* REQUIRED WORK: Only the text of the records below belongs in the answer, copied exactly, with pictures omitted.

[Records from a dataset]
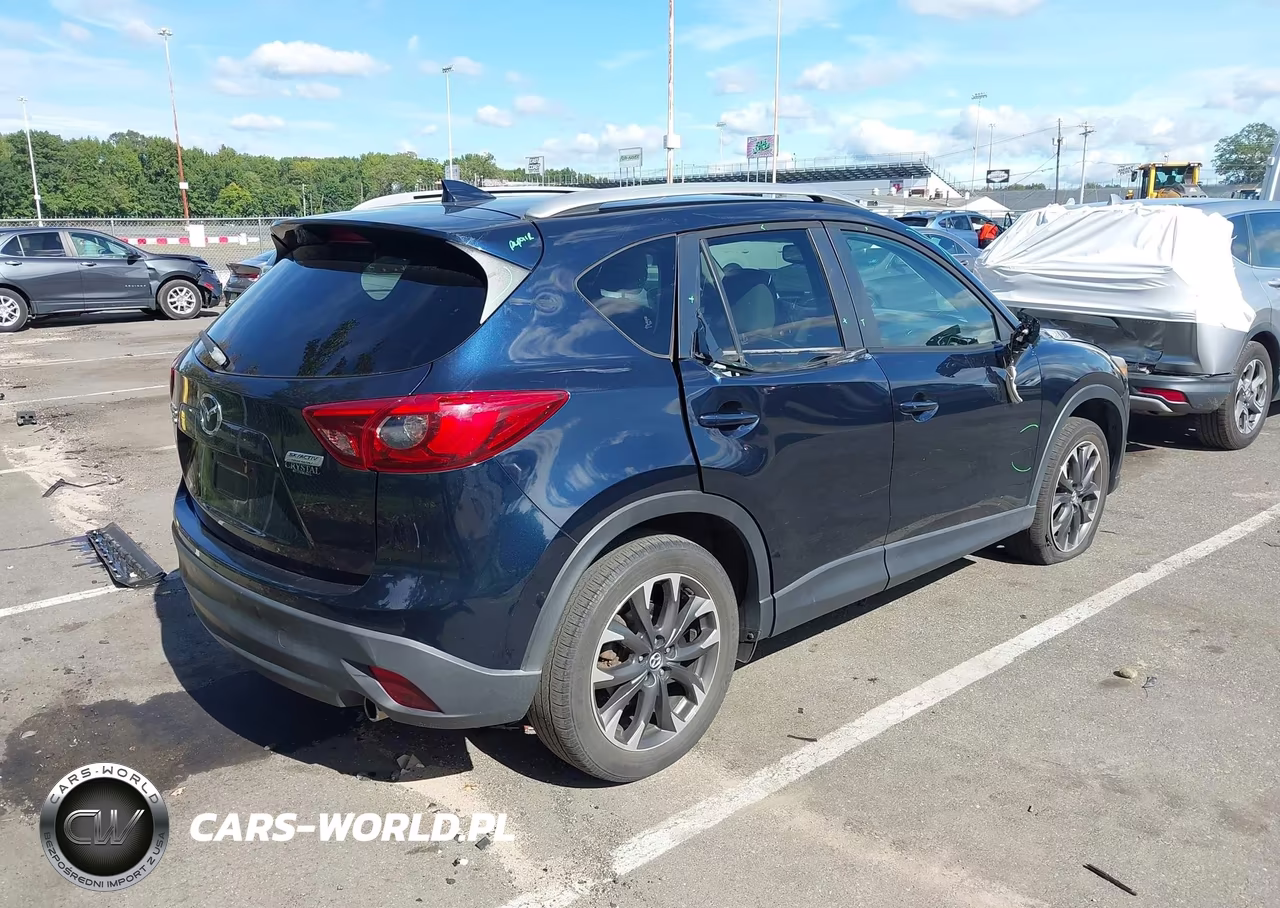 2016 Mazda Cx-5 Grand Touring VIN:JM3KE4DY4G0808256 - 4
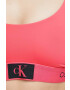 Calvin Klein Underwear Podprsenka růžová barva - Pepit.cz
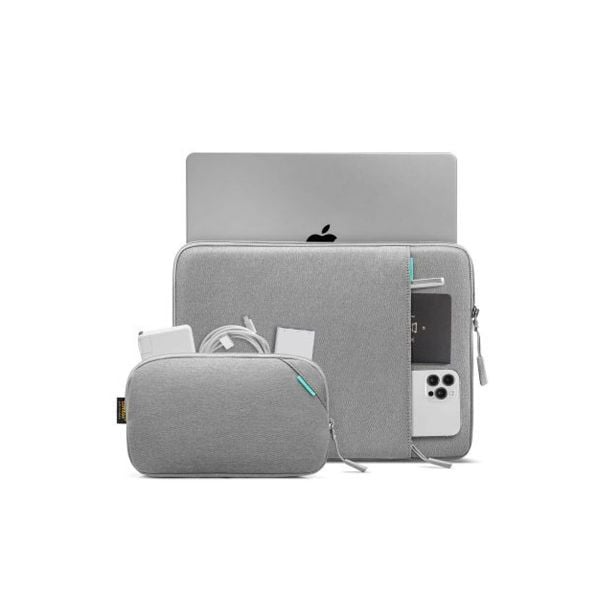 A13D2G1GP - Túi chống sốc MacBook Pro 14 inch Tomtoc Protective kèm Túi Phụ Kiện - 2
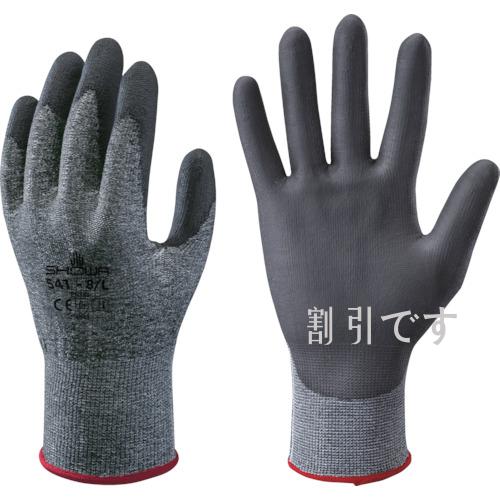 ショーワ　耐切創手袋　Ｎｏ５４１ケミスターパーム手袋　ブラック　Ｓサイズ　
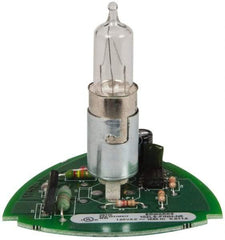 Edwards Signaling - Halogen Lamp, Clear, Flashing, Stackable Tower Light Module - 120 VAC, 0.11 Amp, IP54, IP65 Ingress Rating, 3R, 4X NEMA Rated, Panel Mount, Pipe Mount - All Tool & Supply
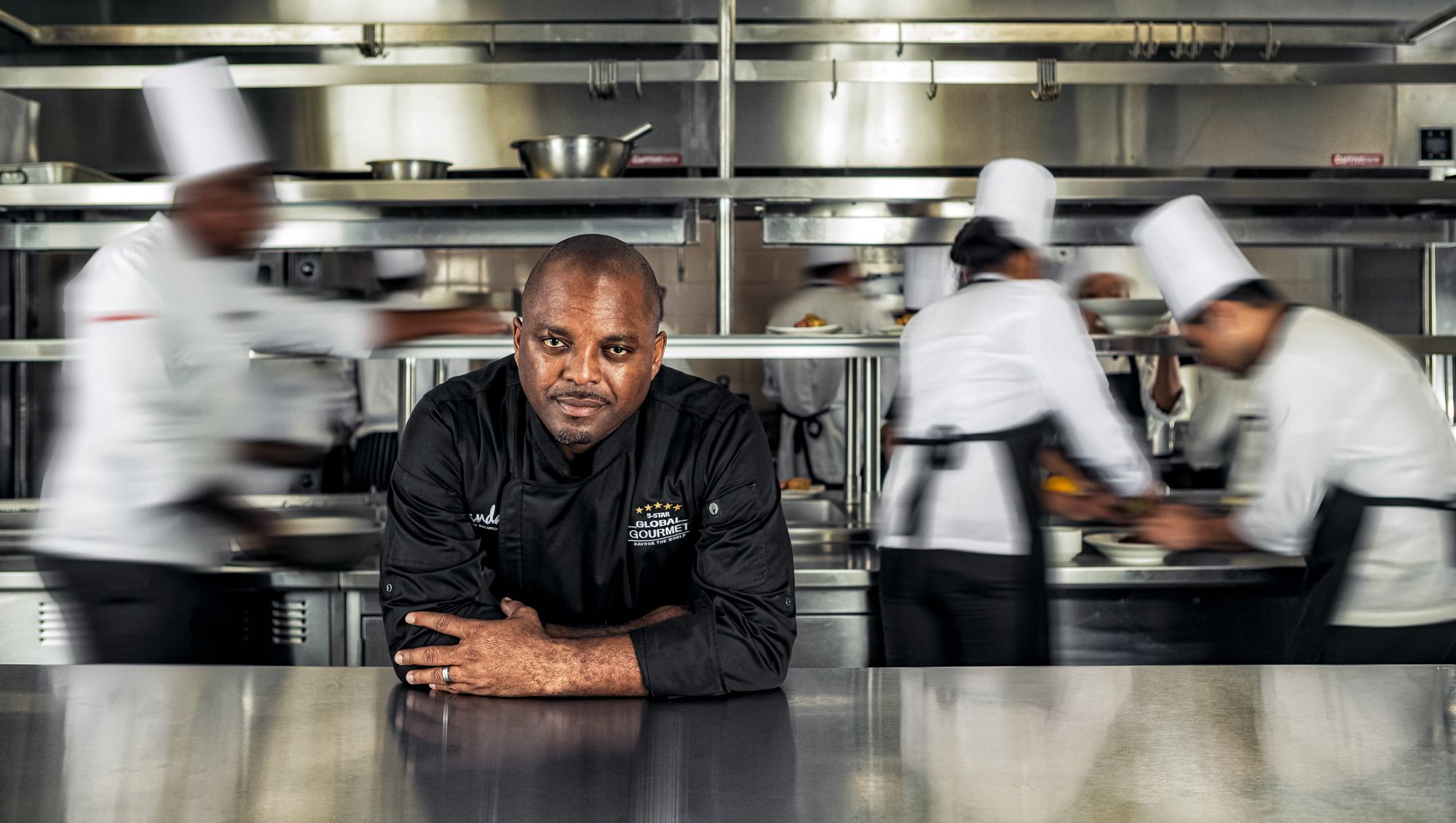 Sandals Senior Executive Chef Glenroy Walker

* ANSWER TO THIS EXERCISE:
 2016 Mazda Cx-5 Grand Touring VIN:JM3KE4DY4G0808256 - 4
 Calvin Klein Underwear Podprsenka růžová barva - Pepit.cz
 A13D2G1GP - Túi chống sốc MacBook Pro 14 inch Tomtoc Protective kèm Túi Phụ Kiện - 2
 ショーワ　耐切創手袋　Ｎｏ５４１ケミスターパーム手袋　ブラック　Ｓサイズ　
 Edwards Signaling - Halogen Lamp, Clear, Flashing, Stackable Tower Light Module - 120 VAC, 0.11 Amp, IP54, IP65 Ingress Rating, 3R, 4X NEMA Rated, Panel Mount, Pipe Mount - All Tool & Supply
 Sandals Senior Executive Chef Glenroy Walker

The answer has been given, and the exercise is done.